Prompt.
Count every line in the data below where the word "Elegante" appears, then state only that count.
*** Dataset content ***
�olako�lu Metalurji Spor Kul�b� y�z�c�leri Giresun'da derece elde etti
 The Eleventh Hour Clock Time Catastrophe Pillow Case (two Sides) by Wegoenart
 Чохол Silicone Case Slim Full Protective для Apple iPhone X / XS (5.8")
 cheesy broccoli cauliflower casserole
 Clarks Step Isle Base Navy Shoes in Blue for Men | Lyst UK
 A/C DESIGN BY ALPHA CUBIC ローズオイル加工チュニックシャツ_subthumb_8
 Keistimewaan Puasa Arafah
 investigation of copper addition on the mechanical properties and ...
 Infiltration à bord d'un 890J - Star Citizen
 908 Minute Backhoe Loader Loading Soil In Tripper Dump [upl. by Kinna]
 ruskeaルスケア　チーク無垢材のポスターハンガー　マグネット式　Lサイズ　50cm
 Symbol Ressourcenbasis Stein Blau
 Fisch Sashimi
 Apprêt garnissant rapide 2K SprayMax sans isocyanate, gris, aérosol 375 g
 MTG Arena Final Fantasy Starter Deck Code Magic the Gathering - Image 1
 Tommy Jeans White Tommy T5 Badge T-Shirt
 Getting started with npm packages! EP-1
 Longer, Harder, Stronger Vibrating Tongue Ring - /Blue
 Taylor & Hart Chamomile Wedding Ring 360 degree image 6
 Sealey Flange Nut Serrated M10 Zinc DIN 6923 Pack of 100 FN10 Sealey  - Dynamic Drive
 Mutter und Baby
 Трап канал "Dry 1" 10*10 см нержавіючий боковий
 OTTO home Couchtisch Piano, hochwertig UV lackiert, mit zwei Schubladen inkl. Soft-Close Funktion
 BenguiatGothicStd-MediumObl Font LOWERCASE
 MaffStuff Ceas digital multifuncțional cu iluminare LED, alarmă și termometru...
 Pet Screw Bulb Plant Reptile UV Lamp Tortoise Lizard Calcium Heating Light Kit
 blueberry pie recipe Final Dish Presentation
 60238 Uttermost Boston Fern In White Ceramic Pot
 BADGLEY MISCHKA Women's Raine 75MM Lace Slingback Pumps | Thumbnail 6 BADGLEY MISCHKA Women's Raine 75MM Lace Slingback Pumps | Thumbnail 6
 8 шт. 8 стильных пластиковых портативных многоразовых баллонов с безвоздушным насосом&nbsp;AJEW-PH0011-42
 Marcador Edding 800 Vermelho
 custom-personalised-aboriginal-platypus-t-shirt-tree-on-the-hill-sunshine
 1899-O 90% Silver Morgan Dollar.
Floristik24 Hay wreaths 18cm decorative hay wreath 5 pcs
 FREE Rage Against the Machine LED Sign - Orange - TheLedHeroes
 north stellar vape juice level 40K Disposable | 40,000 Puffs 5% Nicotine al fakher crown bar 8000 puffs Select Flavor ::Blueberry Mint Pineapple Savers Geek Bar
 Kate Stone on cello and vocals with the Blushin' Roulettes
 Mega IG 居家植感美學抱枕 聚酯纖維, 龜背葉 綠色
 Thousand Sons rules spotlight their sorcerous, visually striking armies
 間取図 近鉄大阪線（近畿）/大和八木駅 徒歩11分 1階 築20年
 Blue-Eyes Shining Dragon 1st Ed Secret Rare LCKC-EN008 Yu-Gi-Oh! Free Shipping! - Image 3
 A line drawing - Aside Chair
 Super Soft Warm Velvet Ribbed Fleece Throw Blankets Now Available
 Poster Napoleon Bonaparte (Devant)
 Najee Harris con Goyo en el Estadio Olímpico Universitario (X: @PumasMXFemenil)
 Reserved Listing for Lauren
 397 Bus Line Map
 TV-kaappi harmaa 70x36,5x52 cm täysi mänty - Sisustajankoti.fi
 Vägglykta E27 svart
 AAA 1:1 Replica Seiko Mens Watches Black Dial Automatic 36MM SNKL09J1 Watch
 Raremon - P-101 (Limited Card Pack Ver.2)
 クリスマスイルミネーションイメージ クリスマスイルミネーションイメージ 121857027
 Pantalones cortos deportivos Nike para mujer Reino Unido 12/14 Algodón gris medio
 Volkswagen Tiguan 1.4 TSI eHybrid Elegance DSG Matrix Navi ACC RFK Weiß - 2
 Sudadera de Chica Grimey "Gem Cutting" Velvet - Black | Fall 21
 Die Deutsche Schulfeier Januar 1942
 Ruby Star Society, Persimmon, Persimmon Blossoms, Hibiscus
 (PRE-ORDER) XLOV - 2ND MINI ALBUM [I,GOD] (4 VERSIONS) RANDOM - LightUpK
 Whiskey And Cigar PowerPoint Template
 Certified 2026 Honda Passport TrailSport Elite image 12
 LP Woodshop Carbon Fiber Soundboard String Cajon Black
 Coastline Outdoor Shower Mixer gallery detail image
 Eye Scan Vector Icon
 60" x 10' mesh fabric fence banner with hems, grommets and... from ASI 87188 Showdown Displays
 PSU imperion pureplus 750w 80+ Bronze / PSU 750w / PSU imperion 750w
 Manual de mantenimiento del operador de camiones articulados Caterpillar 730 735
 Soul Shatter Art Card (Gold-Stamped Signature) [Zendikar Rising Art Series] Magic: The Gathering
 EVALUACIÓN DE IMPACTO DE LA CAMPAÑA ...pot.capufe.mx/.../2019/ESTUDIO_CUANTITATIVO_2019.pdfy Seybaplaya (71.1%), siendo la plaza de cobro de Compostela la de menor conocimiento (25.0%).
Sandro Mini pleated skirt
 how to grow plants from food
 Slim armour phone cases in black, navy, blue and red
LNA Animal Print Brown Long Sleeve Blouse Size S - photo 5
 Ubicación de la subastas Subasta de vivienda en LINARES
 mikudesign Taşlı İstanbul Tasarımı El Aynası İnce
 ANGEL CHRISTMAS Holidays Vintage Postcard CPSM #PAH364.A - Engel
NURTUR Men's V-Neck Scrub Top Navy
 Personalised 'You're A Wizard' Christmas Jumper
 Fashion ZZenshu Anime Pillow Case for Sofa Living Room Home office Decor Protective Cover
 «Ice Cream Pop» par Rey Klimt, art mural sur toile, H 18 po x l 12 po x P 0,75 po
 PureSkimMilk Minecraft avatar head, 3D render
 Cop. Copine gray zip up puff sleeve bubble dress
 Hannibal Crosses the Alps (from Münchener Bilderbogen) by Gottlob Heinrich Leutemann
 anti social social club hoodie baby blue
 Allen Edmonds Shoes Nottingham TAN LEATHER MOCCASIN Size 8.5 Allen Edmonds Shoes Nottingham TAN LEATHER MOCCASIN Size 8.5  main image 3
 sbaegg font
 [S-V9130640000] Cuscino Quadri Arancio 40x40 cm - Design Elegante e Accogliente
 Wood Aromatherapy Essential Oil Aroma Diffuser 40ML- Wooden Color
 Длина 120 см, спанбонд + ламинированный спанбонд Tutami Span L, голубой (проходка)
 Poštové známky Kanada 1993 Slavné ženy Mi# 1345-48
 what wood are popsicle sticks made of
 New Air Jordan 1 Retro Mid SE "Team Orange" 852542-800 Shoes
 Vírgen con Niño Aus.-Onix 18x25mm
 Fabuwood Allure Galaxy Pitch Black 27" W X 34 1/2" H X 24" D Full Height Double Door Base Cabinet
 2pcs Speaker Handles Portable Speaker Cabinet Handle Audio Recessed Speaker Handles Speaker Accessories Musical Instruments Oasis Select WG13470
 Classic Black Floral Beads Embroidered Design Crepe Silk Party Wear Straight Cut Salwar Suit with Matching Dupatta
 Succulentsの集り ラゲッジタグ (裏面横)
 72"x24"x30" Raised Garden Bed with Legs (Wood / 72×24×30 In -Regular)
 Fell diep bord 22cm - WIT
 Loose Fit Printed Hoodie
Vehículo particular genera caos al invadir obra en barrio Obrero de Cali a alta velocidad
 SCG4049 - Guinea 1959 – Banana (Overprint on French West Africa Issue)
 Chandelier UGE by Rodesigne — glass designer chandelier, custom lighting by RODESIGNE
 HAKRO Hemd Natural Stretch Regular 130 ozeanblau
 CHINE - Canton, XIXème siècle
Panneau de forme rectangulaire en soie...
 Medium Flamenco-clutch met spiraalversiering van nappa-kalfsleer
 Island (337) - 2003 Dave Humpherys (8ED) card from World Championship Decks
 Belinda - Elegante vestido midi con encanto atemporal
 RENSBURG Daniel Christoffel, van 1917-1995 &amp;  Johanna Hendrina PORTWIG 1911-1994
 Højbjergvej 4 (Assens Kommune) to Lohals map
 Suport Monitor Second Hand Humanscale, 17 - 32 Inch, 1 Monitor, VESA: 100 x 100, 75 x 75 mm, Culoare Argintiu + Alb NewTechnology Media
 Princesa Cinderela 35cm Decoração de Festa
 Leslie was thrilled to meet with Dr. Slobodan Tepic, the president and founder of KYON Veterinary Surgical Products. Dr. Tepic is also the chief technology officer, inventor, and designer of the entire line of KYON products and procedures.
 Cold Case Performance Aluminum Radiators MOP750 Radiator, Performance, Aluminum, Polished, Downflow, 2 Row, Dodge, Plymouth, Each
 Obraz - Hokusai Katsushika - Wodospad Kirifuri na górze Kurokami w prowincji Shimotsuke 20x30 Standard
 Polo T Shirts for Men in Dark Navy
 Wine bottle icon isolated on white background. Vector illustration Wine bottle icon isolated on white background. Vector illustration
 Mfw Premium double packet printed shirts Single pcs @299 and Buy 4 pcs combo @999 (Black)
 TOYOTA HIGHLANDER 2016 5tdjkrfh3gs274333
*** End of Dataset content ***
Exercise response.
2